__About this exercise__: With the pictures omitted, repeat exactly the lines below starting with the line that has "Talvine koerte kombinesoon, soe" and going on through the line that has "Cover for Batman".

__Stored items__:
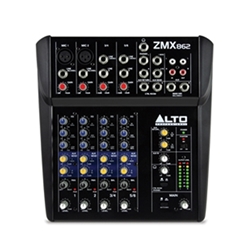 Alto Zephyr 6-channel, 2-bus, 8-input mixer with ZMX mic pre's and EQ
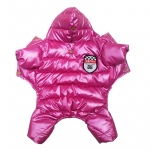 Talvine koerte kombinesoon, soe koeramantel &Uuml;hev&auml;rvilised kutsikate riided Chihuahua Shih Tzu koertele ja kassidele roosa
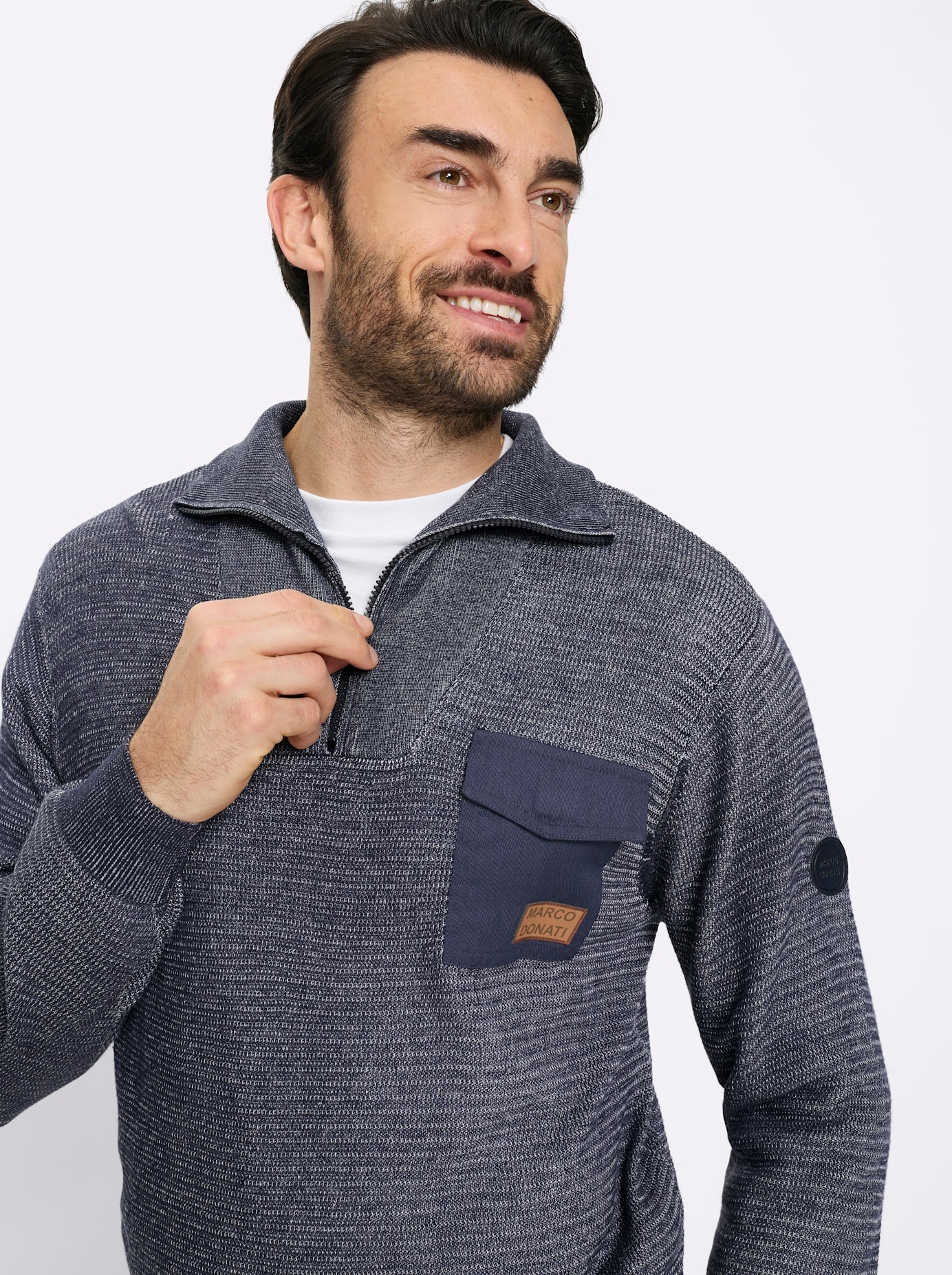 Marco Donati Pull à col montant »Pullover«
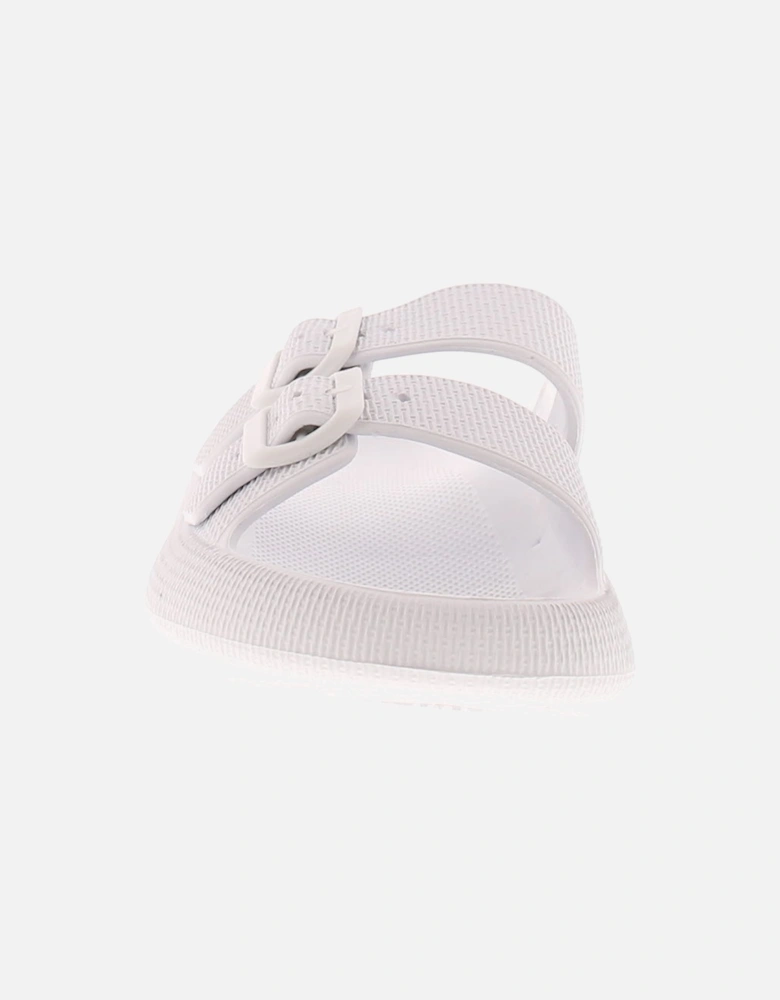 Womens Jelly Mules Sandals Lithe Slip On white UK Size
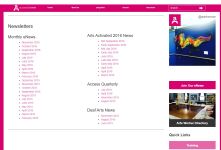 Image of Accessible Arts - Newsletter 2015-2016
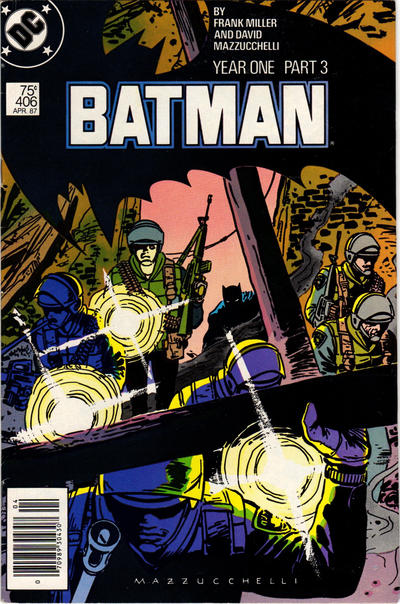 Cover for Batman (DC, 1940 series) #406 [Newsstand]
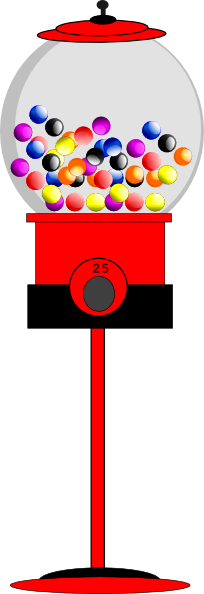 Gum Ball Machine Clip Art - vector clip art online ...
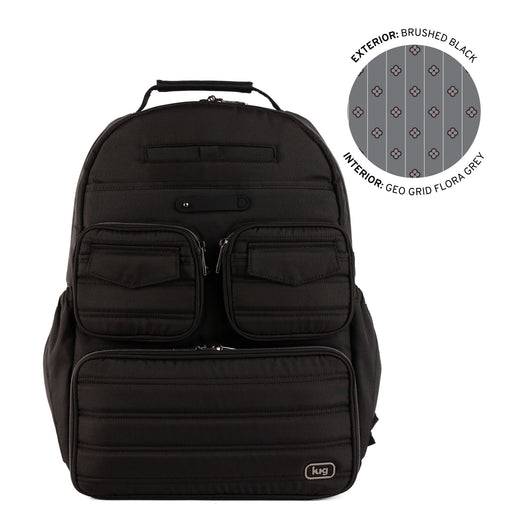 LUG - Legacy Collection Puddle Jumper Backpack - BRUSHED BLACK 2 - colour view
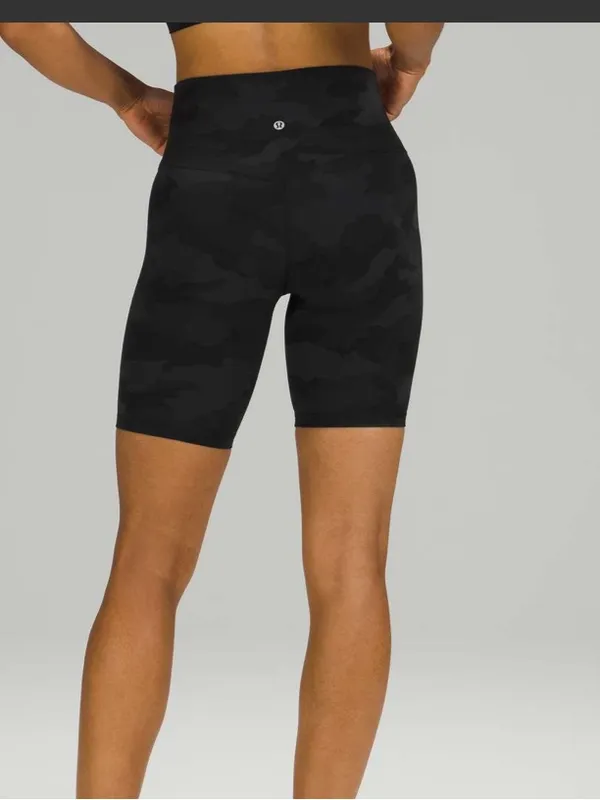 Lululemon Align Short 8" Heritage 365 Camo Deep Coal Multi Size 4 - Image 2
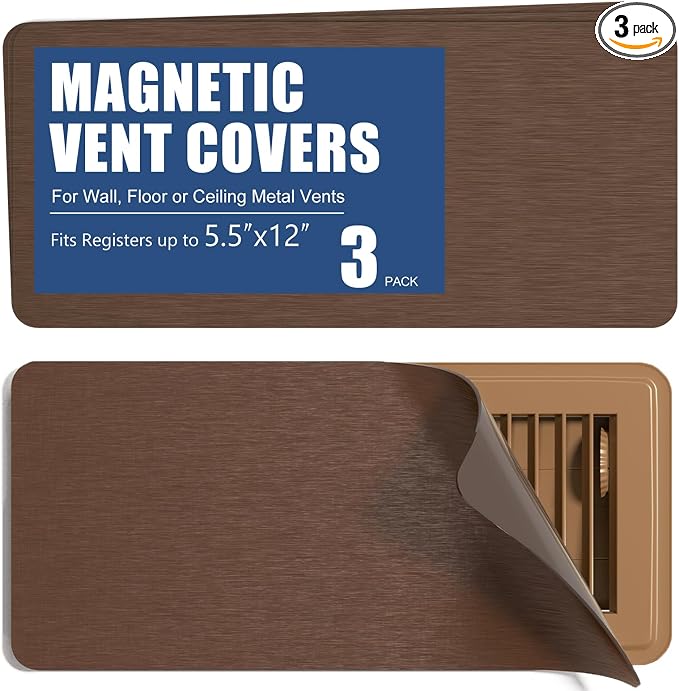 High Strength Magnetic Vent Covers for Home Ceiling, Metallic Air Vent Covers for Floor, Wall, Ceiling Steel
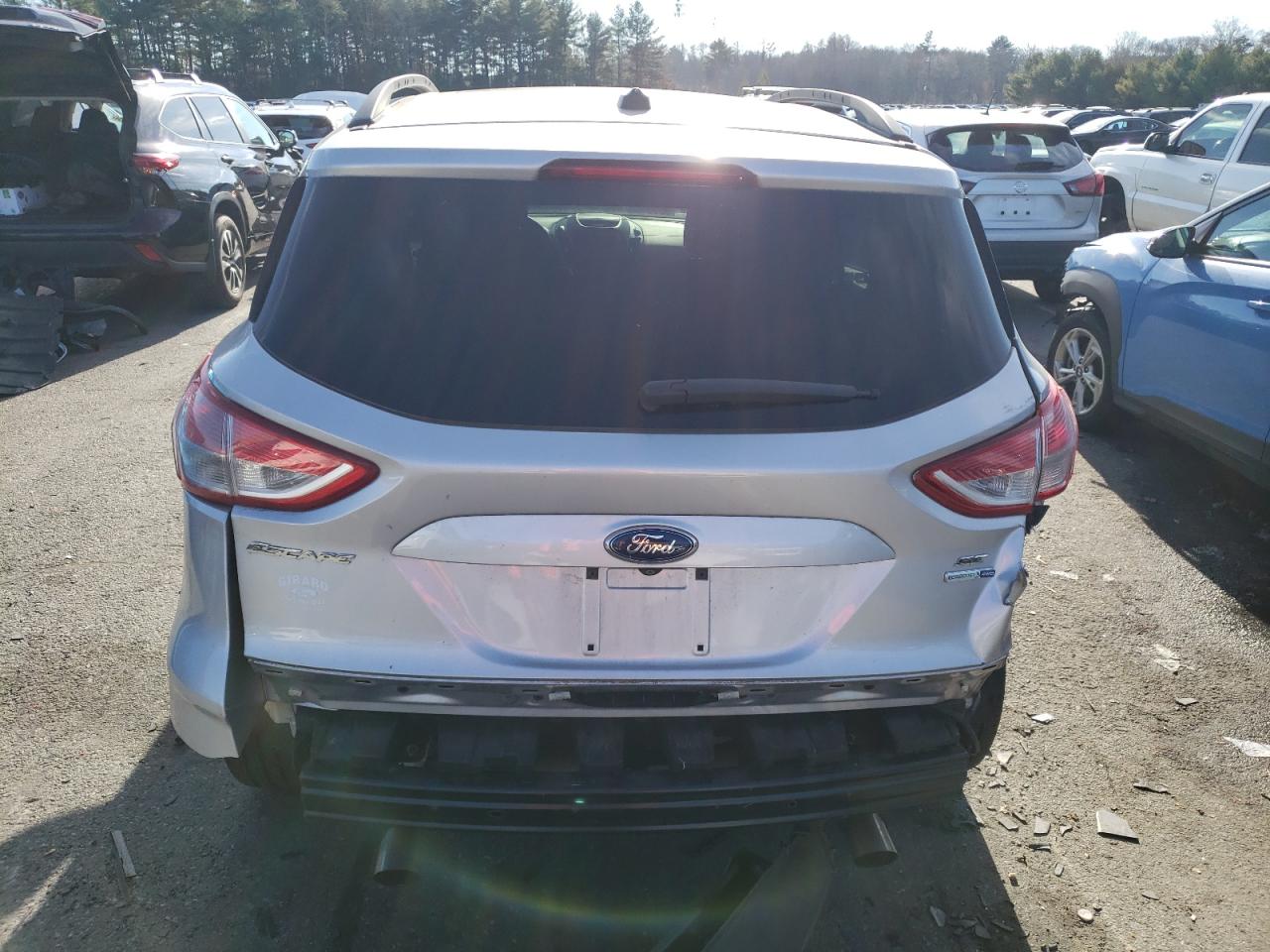2015 Ford Escape VIN 1FMCU9GX4FUA20807 Copart auction photo, rear end damage thumbnail 6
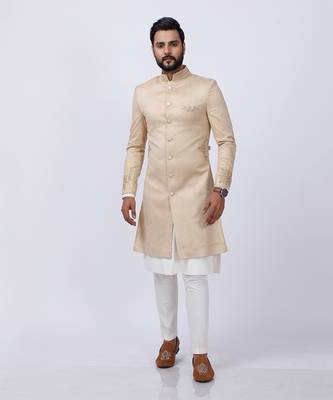 Swede Ivory Embroidered Sherwani Set 2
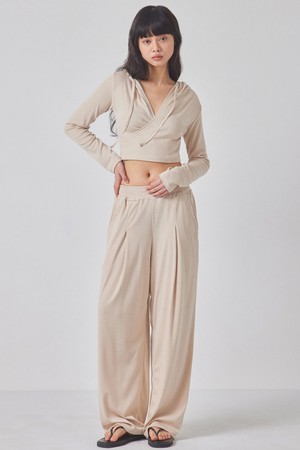 SOFT PINTUCK WIDE PANTS_T416BT703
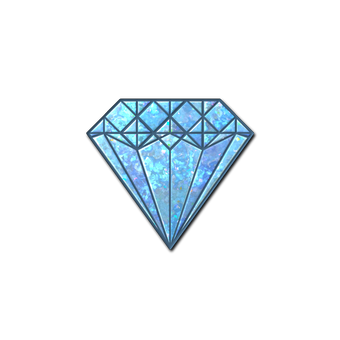 Sticker | Blue Gem (Glitter) CS2 skin
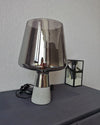 WOMO Smoked Glass Table Lamp-WM8018 thumbnail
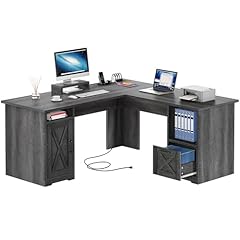 Yitahome shaped desk for sale  Delivered anywhere in USA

__Answer space__:
 Talvine koerte kombinesoon, soe koeramantel &Uuml;hev&auml;rvilised kutsikate riided Chihuahua Shih Tzu koertele ja kassidele roosa
 Marco Donati Pull à col montant »Pullover«
 Womens Jelly Mules Sandals Lithe Slip On white UK Size
 Image of Accessible Arts - Newsletter 2015-2016
 Cover for Batman (DC, 1940 series) #406 [Newsstand]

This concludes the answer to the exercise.